▶ Your goal: Among the entries below, copy only the span from the line containing "David Blake Unisex" through the line containing "Premium Shemagh Head Neck Scarf - Red/White". Do so exactly, and skip the pictures.

▶ Data listing:

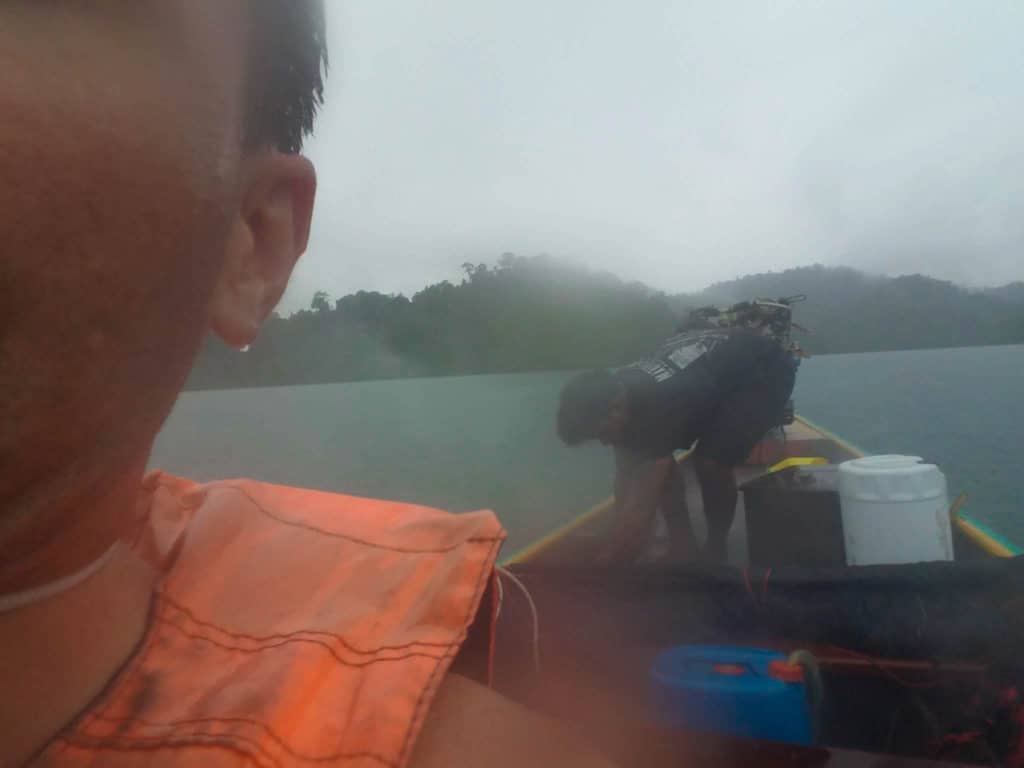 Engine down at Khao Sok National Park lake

* * *

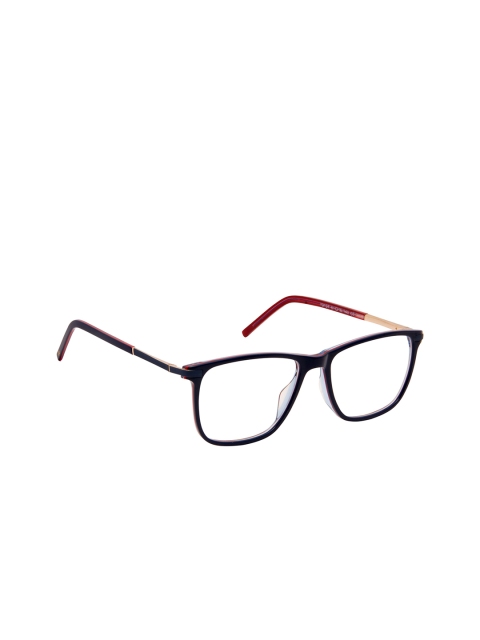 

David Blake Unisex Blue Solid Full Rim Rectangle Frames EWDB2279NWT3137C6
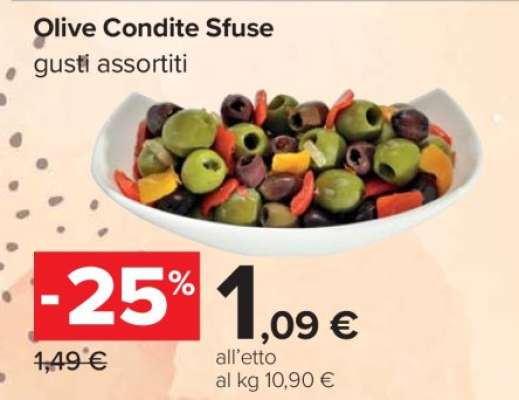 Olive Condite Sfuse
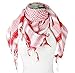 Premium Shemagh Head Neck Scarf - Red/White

▶ Output for this task:
David Blake Unisex Blue Solid Full Rim Rectangle Frames EWDB2279NWT3137C6
 Olive Condite Sfuse
 Premium Shemagh Head Neck Scarf - Red/White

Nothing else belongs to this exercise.